Monday, April 18, 2011

L’âme des guerriers


Petit archipel relégué en marge du monde, poids plume dans les affaires politiques et économiques à l’échelle internationale, la Nouvelle-Zélande souffre d’un complexe d’infériorité par rapport aux grandes puissances occidentales, et surtout par rapport à son voisin australien. Les journaux passent leur temps à lorgner sur le sort « plus enviable » de l’Australie—sa bonne résistance face à la crise de 2008, les salaires mirobolants qu’elle offre à sa masse salariale, etc. Cette faille narcissique, la Nouvelle-Zélande la panse en soignant son image de marque dans le petit nombre de domaines où ses ressortissants assurent. Le rugby en est un. Le 7e art, un autre.

Sachez que le cinéma kiwi, fort heureusement, ne se résume pas aux productions du prolifique Peter Jackson et de son studio Weta, sa trilogie et ses avatars… Le cinéma maori brille aussi de temps à autre au box office international.

Ainsi, en 1995, le public d’Europe et d’Amérique du Nord découvrait, un peu abasourdi, que la Nouvelle-Zélande charriait son lot de misère sociale, et que ses laissés-pour-compte étaient, comme par hasard, bien souvent issus de la communauté māori. Once Were Warriors raconte le quotidien glauque de la famille Heke—un père au chômage, une mère courage mais sous la coupe de son mari alcoolique et brutal, cinq enfants délaissés, happés par la rue et la délinquance. L’aîné, aliéné par son père, se laisse entraîner dans un gang dont les tatouages évoquent une ascendance tribale mais dénaturée. Le cadet échoue en maison de correction. Seule Grace parvient un temps à se tenir à l’écart des ennuis. Le nez dans les livres, elle invente des histoires inspirées de la mythologie māori. Mais l’innocente ne tardera pas à pâtir elle aussi de son entourage désaxé.
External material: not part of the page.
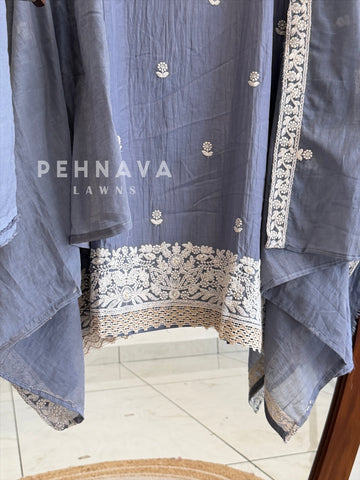Embroidered Unstitched Suit 1056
Je n’avais pas vu ce film à l’époque de sa sortie en salle. Je me rattrape donc aujourd’hui, curieuse d’autant plus de confronter cette fiction avec mon expérience sur le terrain.

Once Were Warriors est un film coup de poing, effroyable de violence. Le réalisateur s’attarde (un peu complaisamment) sur les scènes de passage à tabac pour bien souligner le message : les coups sont le seul moyen d’expression à la portée de ces êtres un peu frustes, à la dérive. La violence donc et la musique car les rares moments d’harmonie en famille ou entre amis s’imposent quand tous se mettent à chanter. On est en pleine vague de réalisme social. Bon. C’est bien joué et convaincant.

Ce qui est étonnant, c’est que, mis à part quelques éléments exotiques (tatouages, chants māori), l’histoire pourrait se dérouler dans n’importe quel ghetto urbain de n’importe quelle mégalopole : New York, Paris, Berlin, Rio… L’impasse dans laquelle se retrouvent acculés les Heke serait donc plus liée au fonctionnement et à un engrenage de notre société postmoderne qu’à leurs origines ethniques.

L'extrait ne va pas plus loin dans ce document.